◆ **EXERCISE MATERIAL**:
------------------------------
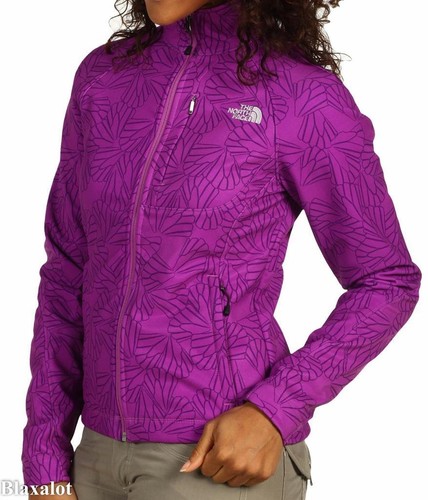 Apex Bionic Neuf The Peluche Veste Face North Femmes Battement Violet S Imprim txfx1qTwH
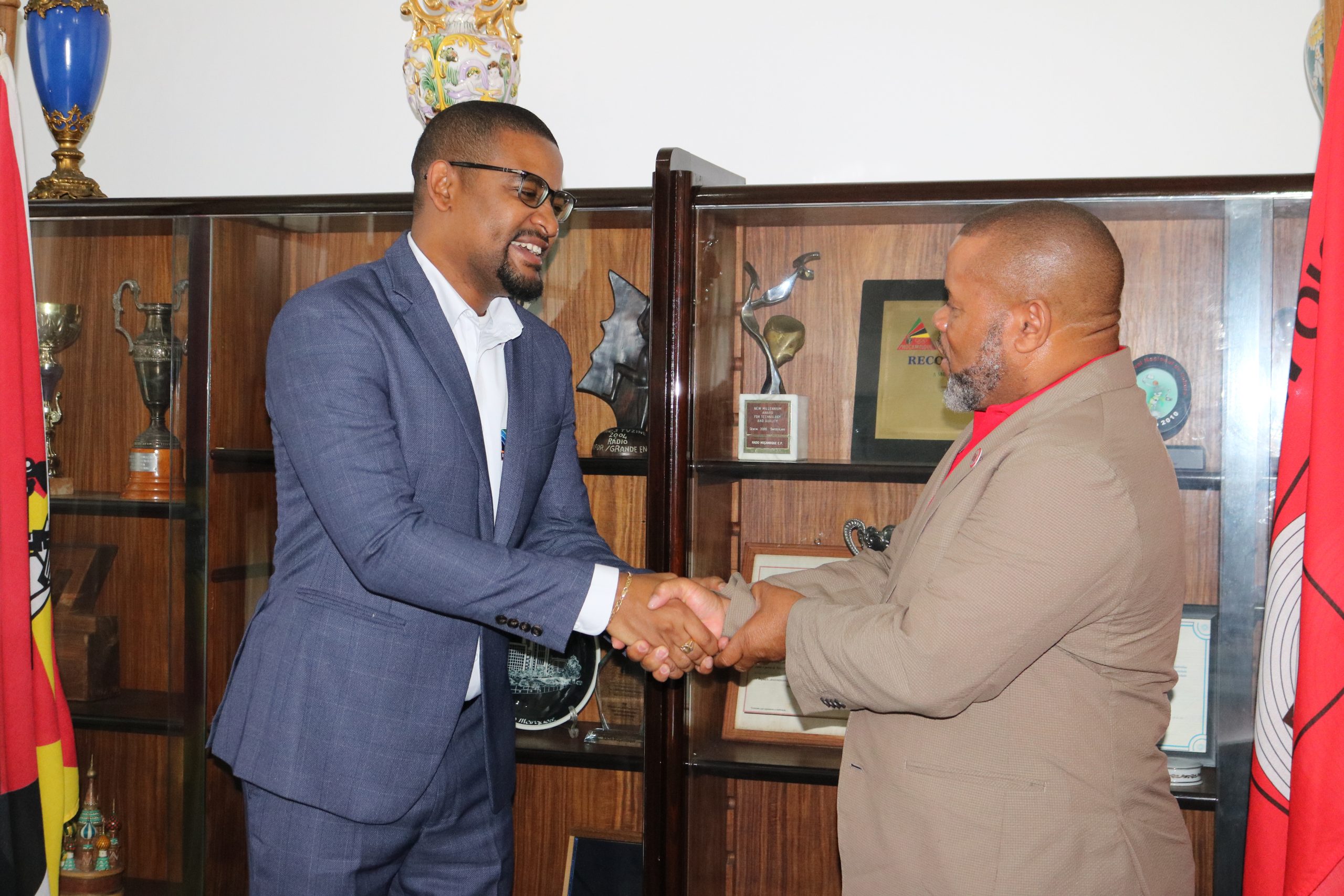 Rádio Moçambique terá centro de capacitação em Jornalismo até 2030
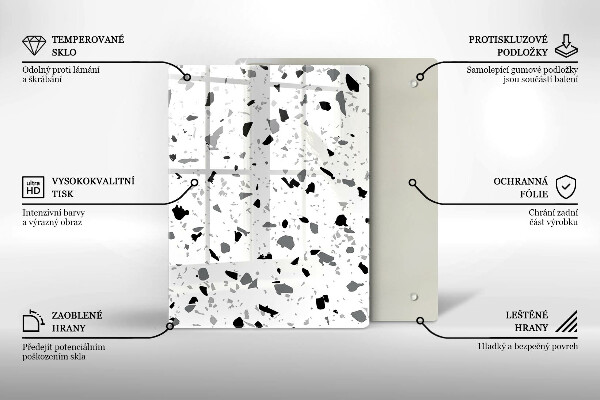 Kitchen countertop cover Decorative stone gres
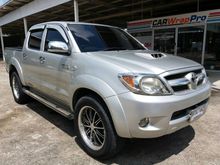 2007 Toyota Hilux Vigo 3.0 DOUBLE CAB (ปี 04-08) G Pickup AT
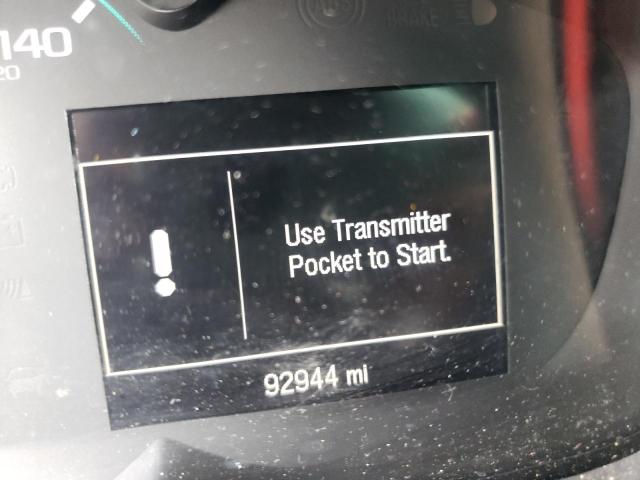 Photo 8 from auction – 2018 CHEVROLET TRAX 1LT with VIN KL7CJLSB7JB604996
------------------------------
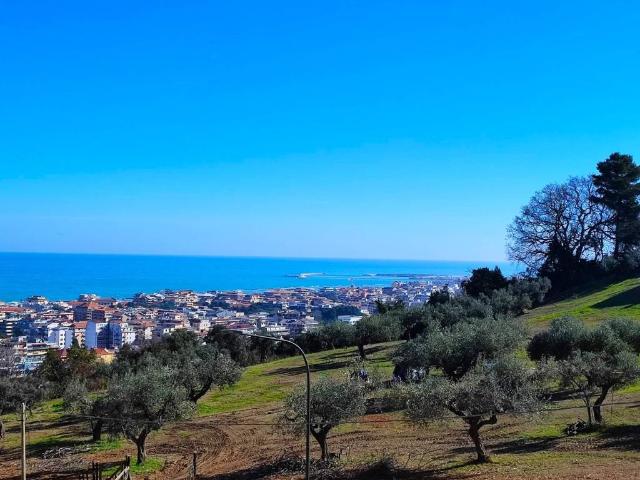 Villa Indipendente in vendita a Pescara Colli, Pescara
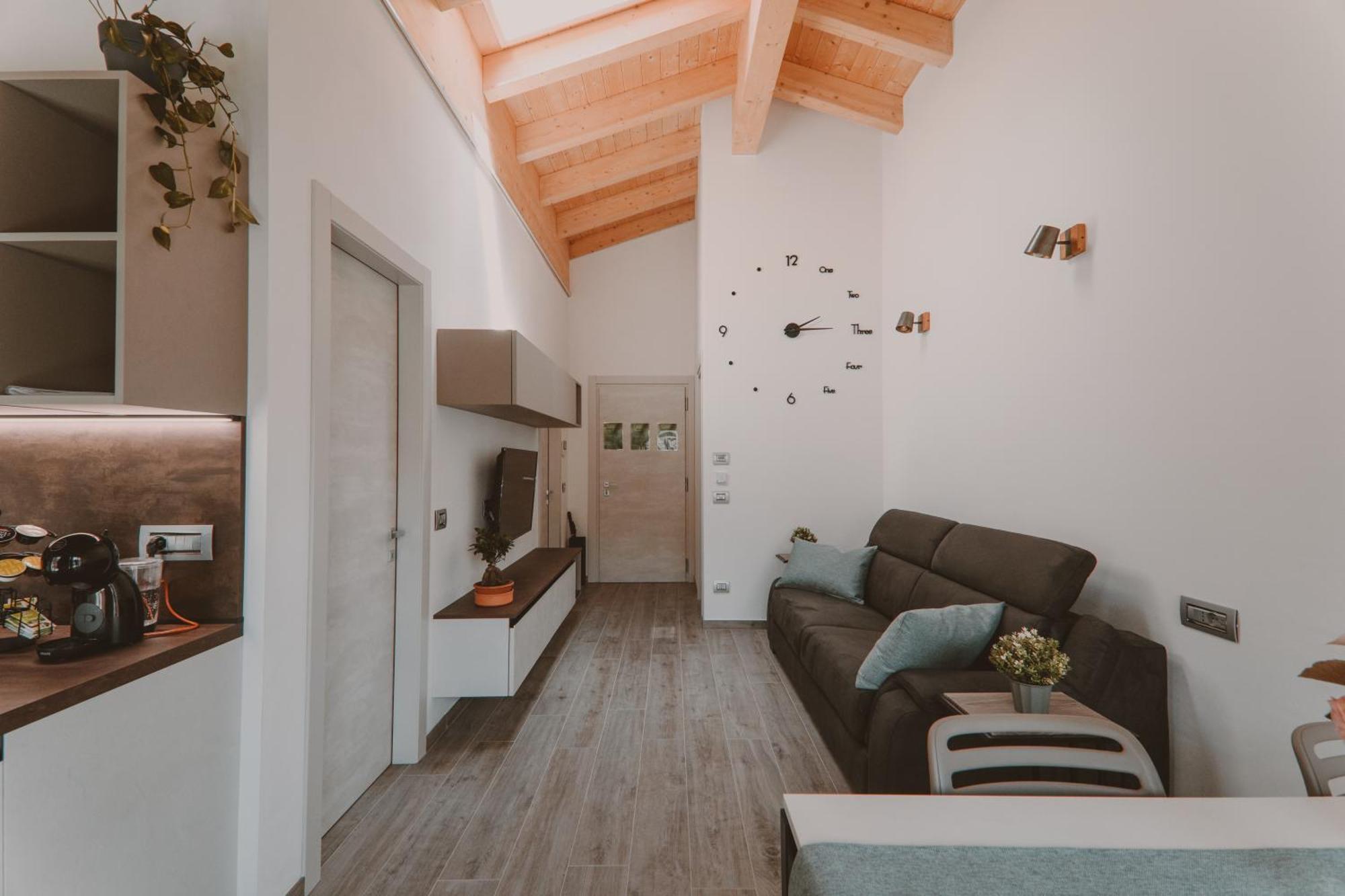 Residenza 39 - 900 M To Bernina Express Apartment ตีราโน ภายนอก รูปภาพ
------------------------------
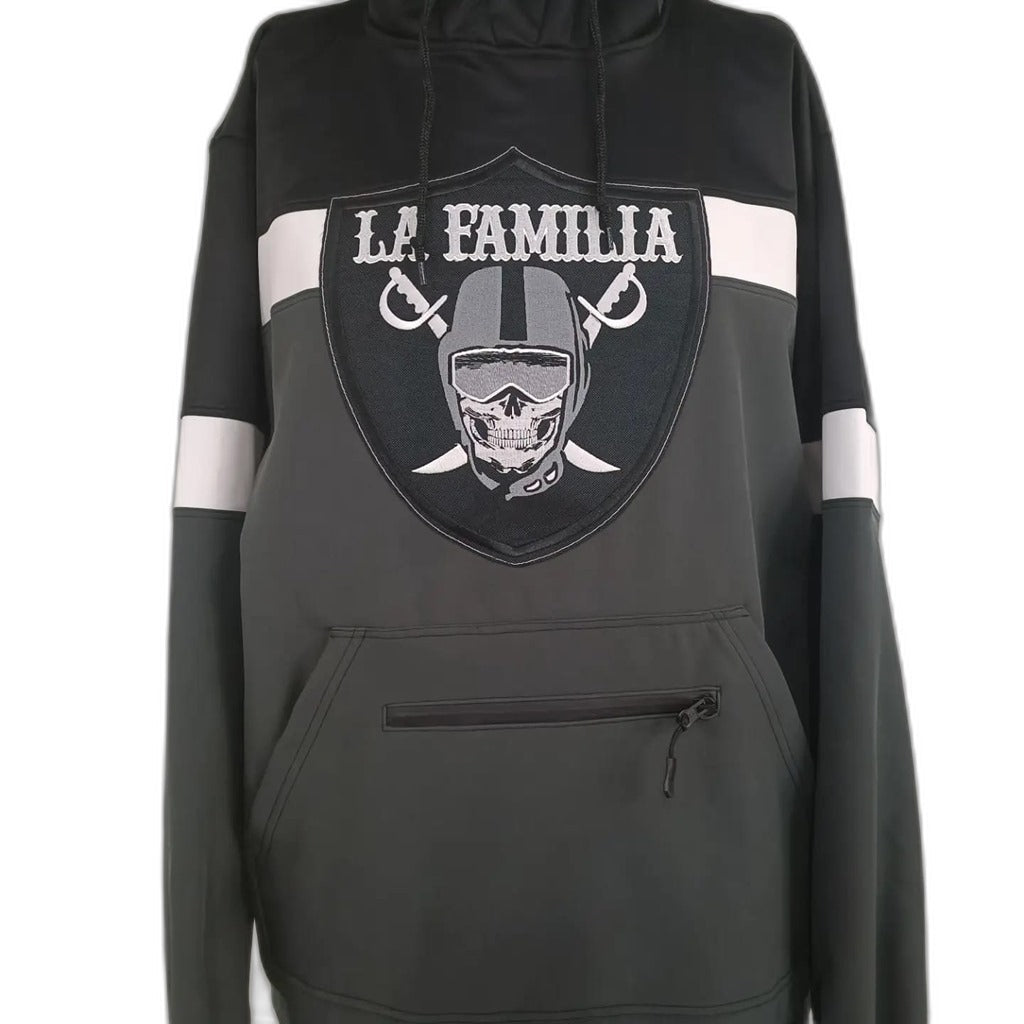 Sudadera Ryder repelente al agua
------------------------------
◆ **EXERCISE PROMPT**: An exact copy of the lines above from the one with "2007 Toyota Hilux" up to and including the one with "Photo 8 from" is required; reproduce only those lines, omitting all pictures.

◆ **THE ANSWER**:
 2007 Toyota Hilux Vigo 3.0 DOUBLE CAB (ปี 04-08) G Pickup AT
 Photo 8 from auction – 2018 CHEVROLET TRAX 1LT with VIN KL7CJLSB7JB604996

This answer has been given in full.